Il sera alors temps de mettre en place une préférence européenne raisonnable afin de répondre au dumping monétaire de certains. Et redonner vie à la dimension du grand marché européen souhaité par ses fondateurs ...

Mais il est sur ce point impossible de mettre la charrue avant les bœufs. On fait le deuil partiel d'un certain consumérisme à l'américaine sans pour autant revenir aux vieux démons communistes ou franquistes ou abandonner l'acquis européen libéral, on serre la ceinture et on relance ensuite.

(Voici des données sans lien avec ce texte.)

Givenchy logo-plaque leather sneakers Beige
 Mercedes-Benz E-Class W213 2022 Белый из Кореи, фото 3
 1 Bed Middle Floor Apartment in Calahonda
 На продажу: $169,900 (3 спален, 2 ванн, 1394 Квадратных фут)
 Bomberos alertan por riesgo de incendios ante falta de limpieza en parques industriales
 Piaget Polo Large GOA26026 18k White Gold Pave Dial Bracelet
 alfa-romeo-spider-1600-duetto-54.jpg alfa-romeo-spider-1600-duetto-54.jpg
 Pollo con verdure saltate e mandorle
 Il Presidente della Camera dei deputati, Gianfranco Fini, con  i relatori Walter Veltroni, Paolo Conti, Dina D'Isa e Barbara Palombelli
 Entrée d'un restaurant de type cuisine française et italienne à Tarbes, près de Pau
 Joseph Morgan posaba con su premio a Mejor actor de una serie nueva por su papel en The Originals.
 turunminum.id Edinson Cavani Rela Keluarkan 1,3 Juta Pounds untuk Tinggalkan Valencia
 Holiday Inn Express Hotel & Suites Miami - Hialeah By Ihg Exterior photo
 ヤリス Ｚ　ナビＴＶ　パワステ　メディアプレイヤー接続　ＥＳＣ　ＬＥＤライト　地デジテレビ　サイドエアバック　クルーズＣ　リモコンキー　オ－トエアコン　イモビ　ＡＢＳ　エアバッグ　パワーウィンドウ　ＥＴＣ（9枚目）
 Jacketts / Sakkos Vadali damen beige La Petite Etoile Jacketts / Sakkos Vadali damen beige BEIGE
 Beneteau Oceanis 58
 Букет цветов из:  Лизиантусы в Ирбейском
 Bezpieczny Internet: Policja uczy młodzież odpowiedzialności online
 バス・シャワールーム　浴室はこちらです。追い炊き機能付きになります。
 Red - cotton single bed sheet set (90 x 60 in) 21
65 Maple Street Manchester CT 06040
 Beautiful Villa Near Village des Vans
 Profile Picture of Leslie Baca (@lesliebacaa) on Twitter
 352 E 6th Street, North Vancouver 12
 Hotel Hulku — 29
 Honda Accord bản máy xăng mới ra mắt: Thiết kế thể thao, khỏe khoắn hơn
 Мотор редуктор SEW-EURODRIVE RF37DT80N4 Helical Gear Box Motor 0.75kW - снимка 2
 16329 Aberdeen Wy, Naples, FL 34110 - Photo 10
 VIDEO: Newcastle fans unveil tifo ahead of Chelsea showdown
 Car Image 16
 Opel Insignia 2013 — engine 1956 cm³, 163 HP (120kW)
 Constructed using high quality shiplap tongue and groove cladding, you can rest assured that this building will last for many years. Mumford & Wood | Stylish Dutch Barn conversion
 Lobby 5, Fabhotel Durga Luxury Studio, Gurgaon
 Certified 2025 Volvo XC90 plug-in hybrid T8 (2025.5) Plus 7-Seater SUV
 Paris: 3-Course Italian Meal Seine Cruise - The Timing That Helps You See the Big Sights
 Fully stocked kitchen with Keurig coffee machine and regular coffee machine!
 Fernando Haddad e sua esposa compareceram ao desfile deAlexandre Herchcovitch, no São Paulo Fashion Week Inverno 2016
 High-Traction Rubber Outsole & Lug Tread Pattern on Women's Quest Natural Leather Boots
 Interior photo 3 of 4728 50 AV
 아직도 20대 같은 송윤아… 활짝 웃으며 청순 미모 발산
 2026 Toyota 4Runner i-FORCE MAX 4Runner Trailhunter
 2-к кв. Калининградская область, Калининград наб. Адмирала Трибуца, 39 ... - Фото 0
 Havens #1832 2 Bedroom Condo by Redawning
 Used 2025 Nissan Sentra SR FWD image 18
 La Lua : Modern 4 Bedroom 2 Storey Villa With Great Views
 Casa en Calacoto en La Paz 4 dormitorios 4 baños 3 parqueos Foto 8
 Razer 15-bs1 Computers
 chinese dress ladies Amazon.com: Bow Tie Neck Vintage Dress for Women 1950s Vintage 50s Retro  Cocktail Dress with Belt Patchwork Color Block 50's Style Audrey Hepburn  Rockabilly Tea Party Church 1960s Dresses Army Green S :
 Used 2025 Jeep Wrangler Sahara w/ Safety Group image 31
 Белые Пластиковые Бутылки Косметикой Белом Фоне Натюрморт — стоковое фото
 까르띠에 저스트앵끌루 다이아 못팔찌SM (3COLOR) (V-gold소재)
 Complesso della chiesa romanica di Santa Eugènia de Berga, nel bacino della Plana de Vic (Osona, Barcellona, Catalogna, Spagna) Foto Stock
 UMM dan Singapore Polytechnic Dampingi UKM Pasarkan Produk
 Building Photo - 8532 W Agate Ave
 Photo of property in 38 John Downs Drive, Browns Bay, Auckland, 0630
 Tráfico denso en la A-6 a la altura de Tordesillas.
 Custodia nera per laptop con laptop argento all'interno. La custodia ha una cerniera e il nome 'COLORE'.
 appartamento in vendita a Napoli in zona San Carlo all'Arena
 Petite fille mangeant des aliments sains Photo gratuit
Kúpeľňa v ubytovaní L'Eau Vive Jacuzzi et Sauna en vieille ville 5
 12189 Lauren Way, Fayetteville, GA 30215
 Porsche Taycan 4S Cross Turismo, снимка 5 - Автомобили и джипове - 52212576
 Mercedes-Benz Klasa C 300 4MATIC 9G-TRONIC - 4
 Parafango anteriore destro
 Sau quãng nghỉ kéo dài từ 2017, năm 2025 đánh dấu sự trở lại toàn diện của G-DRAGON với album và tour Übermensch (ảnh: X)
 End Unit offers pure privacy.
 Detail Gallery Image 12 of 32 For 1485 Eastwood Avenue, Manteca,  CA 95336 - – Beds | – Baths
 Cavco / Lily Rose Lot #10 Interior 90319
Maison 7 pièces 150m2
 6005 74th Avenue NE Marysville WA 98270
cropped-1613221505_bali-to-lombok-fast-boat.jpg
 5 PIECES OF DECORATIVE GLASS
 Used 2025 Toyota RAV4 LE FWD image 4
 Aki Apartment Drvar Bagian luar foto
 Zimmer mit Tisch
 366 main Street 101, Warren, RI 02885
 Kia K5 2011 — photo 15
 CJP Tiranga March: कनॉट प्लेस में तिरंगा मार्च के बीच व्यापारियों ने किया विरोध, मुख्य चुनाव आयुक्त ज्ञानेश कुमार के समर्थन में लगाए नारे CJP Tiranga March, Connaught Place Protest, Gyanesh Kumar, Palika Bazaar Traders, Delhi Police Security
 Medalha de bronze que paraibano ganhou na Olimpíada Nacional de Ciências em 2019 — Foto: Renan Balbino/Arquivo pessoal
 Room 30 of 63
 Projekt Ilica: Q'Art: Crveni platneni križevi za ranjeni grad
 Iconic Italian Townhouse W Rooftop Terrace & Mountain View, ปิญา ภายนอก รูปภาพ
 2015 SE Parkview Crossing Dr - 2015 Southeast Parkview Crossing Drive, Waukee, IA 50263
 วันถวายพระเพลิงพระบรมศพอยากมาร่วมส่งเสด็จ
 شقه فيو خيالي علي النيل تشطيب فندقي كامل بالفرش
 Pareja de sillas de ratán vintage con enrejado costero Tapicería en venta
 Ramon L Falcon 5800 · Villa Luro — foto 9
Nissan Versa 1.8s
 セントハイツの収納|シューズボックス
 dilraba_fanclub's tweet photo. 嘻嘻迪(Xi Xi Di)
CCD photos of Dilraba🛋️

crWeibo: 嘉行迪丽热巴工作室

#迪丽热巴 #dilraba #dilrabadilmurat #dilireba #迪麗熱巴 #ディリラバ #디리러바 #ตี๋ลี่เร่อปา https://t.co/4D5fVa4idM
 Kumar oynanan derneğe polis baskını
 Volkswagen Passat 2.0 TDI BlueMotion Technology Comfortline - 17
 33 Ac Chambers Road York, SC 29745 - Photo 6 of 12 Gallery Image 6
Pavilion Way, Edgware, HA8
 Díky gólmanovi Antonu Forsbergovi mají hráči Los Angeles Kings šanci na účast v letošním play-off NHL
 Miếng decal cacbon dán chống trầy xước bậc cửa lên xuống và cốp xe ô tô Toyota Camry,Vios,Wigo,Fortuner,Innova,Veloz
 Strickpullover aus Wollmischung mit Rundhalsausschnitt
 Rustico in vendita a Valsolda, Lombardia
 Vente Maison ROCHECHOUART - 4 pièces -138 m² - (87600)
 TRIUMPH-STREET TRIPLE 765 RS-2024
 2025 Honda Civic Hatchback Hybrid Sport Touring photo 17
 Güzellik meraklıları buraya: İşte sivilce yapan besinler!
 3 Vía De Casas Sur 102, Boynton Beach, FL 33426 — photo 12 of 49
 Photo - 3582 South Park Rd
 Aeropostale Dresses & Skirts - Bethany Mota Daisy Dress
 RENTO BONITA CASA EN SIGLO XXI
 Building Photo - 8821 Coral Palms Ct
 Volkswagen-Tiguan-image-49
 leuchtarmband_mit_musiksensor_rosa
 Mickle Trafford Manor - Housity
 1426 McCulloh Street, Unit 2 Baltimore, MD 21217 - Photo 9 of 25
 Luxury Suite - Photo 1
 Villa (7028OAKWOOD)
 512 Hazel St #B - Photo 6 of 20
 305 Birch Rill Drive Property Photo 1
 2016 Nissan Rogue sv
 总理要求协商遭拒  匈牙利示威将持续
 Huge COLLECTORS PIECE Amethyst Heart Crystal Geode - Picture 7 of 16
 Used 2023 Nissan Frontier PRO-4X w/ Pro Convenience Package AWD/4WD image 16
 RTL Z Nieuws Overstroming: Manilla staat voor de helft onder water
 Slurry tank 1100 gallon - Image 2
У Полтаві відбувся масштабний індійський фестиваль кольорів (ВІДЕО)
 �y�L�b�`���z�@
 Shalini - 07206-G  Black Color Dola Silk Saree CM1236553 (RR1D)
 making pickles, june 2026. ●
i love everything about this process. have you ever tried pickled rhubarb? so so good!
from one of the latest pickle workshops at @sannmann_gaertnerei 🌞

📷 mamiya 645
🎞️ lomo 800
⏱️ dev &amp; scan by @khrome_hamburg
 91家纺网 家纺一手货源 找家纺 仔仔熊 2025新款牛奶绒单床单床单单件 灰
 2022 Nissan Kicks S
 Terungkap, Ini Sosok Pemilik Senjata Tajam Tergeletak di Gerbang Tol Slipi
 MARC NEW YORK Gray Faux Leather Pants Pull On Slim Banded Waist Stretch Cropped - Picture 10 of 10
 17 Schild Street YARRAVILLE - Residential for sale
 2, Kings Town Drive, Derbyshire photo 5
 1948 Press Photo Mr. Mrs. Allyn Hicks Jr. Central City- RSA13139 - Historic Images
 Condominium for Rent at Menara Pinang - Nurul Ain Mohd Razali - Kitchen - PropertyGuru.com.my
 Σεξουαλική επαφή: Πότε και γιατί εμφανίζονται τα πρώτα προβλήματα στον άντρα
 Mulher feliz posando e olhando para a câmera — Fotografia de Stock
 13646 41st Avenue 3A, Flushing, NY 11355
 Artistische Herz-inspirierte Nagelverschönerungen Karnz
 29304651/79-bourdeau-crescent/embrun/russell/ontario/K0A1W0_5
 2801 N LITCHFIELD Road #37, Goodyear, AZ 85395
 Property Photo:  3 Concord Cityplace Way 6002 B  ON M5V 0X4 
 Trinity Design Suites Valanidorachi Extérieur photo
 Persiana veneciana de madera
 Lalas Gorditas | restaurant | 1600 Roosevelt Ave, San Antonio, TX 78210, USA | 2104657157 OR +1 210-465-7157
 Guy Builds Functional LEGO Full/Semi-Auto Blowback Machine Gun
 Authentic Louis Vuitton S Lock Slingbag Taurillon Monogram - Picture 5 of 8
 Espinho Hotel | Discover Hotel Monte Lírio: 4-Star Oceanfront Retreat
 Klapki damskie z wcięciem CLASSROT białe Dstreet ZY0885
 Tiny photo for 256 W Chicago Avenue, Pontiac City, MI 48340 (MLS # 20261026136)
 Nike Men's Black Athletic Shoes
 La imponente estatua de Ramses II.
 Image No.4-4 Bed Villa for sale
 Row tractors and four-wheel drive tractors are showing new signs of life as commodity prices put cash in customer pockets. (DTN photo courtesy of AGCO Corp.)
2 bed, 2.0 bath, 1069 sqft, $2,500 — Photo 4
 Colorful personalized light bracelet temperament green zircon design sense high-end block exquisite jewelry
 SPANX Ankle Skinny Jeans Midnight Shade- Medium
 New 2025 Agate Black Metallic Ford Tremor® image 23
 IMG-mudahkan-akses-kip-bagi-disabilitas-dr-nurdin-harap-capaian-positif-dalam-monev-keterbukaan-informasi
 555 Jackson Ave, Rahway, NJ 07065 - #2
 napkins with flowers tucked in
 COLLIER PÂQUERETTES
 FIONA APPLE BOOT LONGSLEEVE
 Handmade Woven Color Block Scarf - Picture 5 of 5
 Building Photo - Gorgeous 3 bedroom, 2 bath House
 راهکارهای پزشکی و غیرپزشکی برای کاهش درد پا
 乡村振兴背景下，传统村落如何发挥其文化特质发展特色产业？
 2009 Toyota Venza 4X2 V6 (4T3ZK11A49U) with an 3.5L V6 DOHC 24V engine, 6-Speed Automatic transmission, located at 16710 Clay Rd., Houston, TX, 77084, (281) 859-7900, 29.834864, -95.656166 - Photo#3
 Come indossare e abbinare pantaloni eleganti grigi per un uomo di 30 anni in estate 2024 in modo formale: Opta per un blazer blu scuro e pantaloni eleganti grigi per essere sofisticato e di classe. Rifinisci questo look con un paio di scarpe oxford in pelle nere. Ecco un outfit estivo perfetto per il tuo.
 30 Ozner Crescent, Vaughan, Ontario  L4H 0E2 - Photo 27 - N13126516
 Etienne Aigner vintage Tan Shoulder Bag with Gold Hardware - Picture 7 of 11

Si des tensions politiques trop fortes se font jour dans la zone Euro autour d'appels à la solidarité masquant maladroitement une volonté délibérée de repousser certains ajustements in aeternum, l'Euro pourrait vivre une épreuve de vérité. Et connaitre, comme pour la monnaie américaine, des taux d'intérêt d'un tout autre tonneau.

Pour l'instant tout cela est relativement bien parti. L'Espagne, particulièrement touchée, affronte la situation avec courage. Espérons qu'elle sache organiser les solidarités indispensables. Sans démagogie.

Certes la Grèce ne va pas fort. Mais espérons, outre qu'elle assume élégamment ses propres contradictions, qu'elle constitue surtout l'exception susceptible de confirmer la règle d'une Europe socialement sure, politiquement harmonieuse et économiquement dynamique.

En conclusion, du placement en Euros, yes. C'est déjà un bon point ... Sur des taux fixes et des durées longues, il est évidemment trop tôt pour le faire.